Ketika aksara ternyata memendam kuasa. Kenapa kita biarkan ia berkelana? (M.Musthafa)
Ku mulai hidupku sebagaimana aku akan mengakhirinya dengan sebuah kepastian: di kerumunan buku-buku (Jean-Paul Sastre)
Saya pernah bertanya kepada seorang teman, dengan apa peradaban dibangun oleh manusia. Pun, dengan apa pula peradaban diruntuhkan manusia. Ia terdiam berpikir sejenak, kemudian menjawab, "Hakikat peradaban sejatinya menciptakan manusia-manusia yang unggul, yang mana keunggulannya berbanding lurus dengan hasil yang diperoleh."
Keunggulan itu dapat dilihat dari aspek apa saja namun yang mulai dilupakan adalah dari mana keunggulan tersebut bersumber, dan salah satu keunggulan yang mulai dilupakan saat sekarang ini adalah budaya baca tulis, sambungnya.
Bukankah peradaban manusia terbangun karena adanya kontribusi dari budaya baca tulis. Tokoh pendiri bangsa Indonesia adalah tokoh-tokoh yang intelektual, pembaca sekaligus penulis yang produktif. Oleh masyarakat, gagasan mereka terabadikan dan dijadikan inspirasi. Namun saat sekarang ini, kita adalah bangsa yang besar tapi miskin budaya baca tulis.
Baca tulis merupakan lambang untuk tercipta dan terbangunnya peradaban manusia yang gemilang. Ide yang dimiliki oleh manusia untuk diketahui oleh masyarakat tidak selalu si empunya, ide berkoar-koar ke sana ke mari, ia juga perlu ditulis agar dibaca dalam bentuk buku, majalah, koran, brosur, pamflet dan lain sebagainya yang kemudian memantik perubahan.Â
Sayangnya, orang saat sekarang ini lebih menyenangi budaya instan dan lisan daripada baca tulis. Budaya baca tulis kemudian tenggelam dan kalah bersaing dengan teknologi yang merupakan ujung dari ilmu pengetahuan yang menciptakan kemudahan-kemudahan untuk manusia bertindak.
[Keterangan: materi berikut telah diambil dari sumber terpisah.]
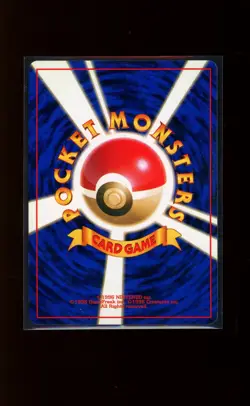 1999 Pokemon Masaki Gengar Vending Holo Japanese Promo #094 - Image 2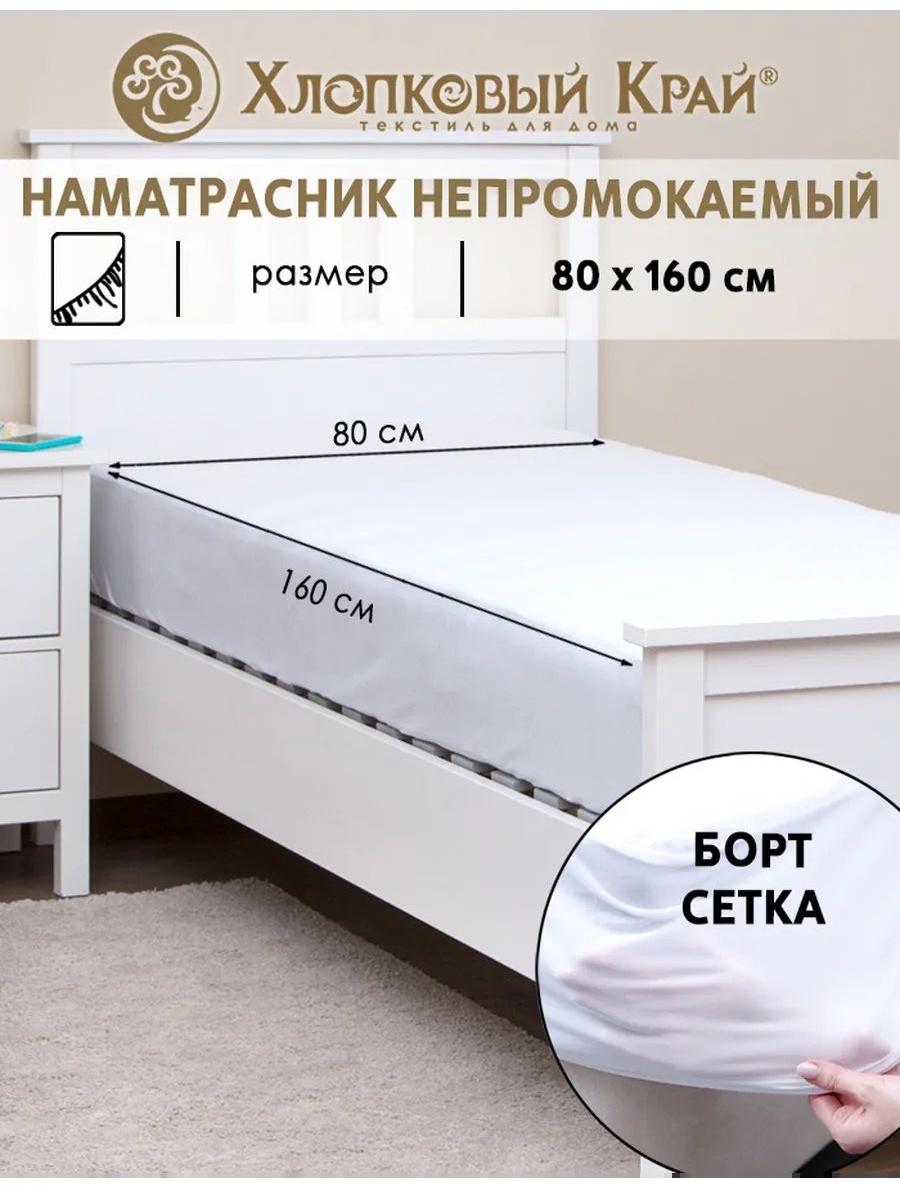Наматрасник без застежки 9586087 80x160, полиэстер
Teknologi berwajah dua, di satu sisi beri kemudahan dan rahmat, namun di sisi lain timbulkan kemalasan.
Efek samping teknologi pun mempermudah segala batas dan tidak ada lagi sekat, tidak ada perbedaan ruang dan waktu, sesuatu menjadi mungkin untuk dilakukan.Â
Informasi dengan begitu cepat dan mudahnya untuk diperoleh maka ruang publik sangat terbuka untuk berseliwerannya wacana apa saja. Sayangnya wacana kemudian dimaknai dengan perdebatan lisan bukan tulisan.
Muncullah orang-orang yang berbicara apa saja seputar persoalan apa saja dengan sembarangan saja, yang terjadi adalah pendangkalan makna dan simbolisasi, terpinggirkannya substansi masalah, muncul anarkis lisan dan tindakan karena informasi yang disampaikan tak utuh.